Music Alive (Radio New Zealand Concert, 8.00pm). If you’ve been following this, you’ll be sitting tight by the wireless with your favourite tipple after dinner. It’s … the … (drum roll) final of the Michael Hill International Violin Competition 2011. RNZ crosses live to the Auckland Town Hall for the final three contestants, who will perform a violin concerto by Bartók, Beethoven, Brahms, Elgar, Prokofiev, Sibelius or Tchaikovsky, with the Auckland Philharmonia Orchestra under the baton of Arvo Volmer. And in case the glory of winning isn’t heaven enough, the winner will take home $40,000. So it’s just like New Zealand Idol/The X Factor/Popstars – oh, but the winner will doubtless still have a music career in 10 years.


Spectrum (Radio New Zealand National, 12.15pm). Deborah Nation is still way down south digging up the past in Gold Dust and Dragons. After commemorating the discovery of that most precious of metals in Gabriel’s Gold, she’s now looking at a less-celebrated aspect of those heady years: the racial intolerance that was associated with the hard-working Lawrence Chinese community. A bylaw from the time prohibited Chinese from setting foot in the (white) township of Lawrence, but they were generously given a nearby block of wetland, which they turned into a thriving settlement. Today, there are only a couple of buildings left of the Chinese camp, built in 1867, but Dunedin ­historian Dr James Ng is working like a trojan to restore this precious part of New Zealand’s heritage.

Opera on Sunday (Radio New Zealand Concert, 3.00pm). Euroradio Opera Season returns with Kurt Weill’s The Rise and Fall of the City of Mahagonny, which has been called “a razor-edged critique of capitalism”, so its plot might be a little less fluffy than your average Italian opera. Weill’s satire, with a stinging German libretto by Bertolt Brecht, tells the story of a group of desperate ­characters in a city where nothing is forbidden and everything is for sale. It premiered in 1930, was banned by the Nazis in 1933 and didn’t resurface until the 1960s. This production, recorded in the Teatro Real, Madrid, stars Elzbieta Szmytka, Jane Henschel, Christopher Ventris, Willard White, Donald Kaasch and Steven Humes.

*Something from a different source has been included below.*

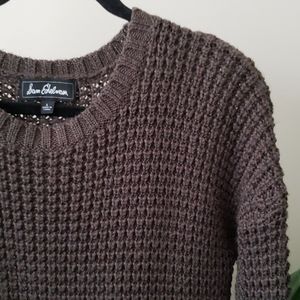 L Sam Edelman Ashlee Olive High Low Chunky Sweater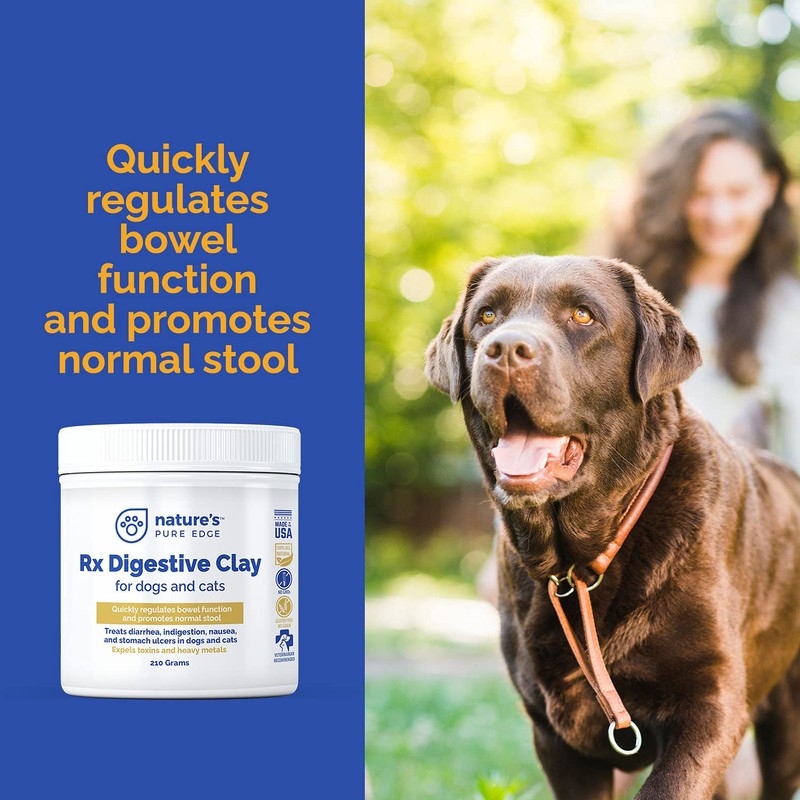 Clay Powder Anti Diarrhea for Dogs & Cats. Supports Gas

Spiritual Outlook (Radio New Zealand National, 5.10pm). Noelle McCarthy continues her six-part quest to find out what well-known New Zealanders believe in, with part two of I Know This Much Is True. Today, she talks to Tim Wilson, TVNZ’s US correspondent and author of Their Faces Were Shining, a novel about crackpot religious believers. Wilson possesses a keenly satirical communicative style (which might translate as “he’s a bit of a smartarse”) and is the son of a Presbyterian minister.


Whim-Wham (Radio New Zealand National, 10.45am). This morning, Stuart Devenie begins a five-part reading of Whim-Wham: The Satirical Verses of Allen Curnow. Curnow published satirical pieces in the Listener, the NZ Herald and the Press under the pen name Whim-Wham for more than 50 years and he could sum up our Kiwi idiosyncrasies better than anyone. This series marks the 100th anniversary of his birth, on June 17, 1911. Curnow died in 2001.


Appointment (Radio New Zealand Concert, 7.00pm). German counter-tenor Andreas Scholl talks with Matthew Crawford tonight. Although inhabiting this vocal range makes you “sing like a girl”, to quote English counter-tenor William Purefoy, they often have normal male speaking voices, as is the case with Scholl. Bach is his composer of choice: he has recorded several Bach cantatas, as well as the Mass in B Minor, the St John and the St Matthew Passions. After recording one of Bach’s solo cantatas for alto, he wept. “The piece was so mighty, I felt like an ant,” he said. Yes, but did he cry like a bloke or a Bee Gee?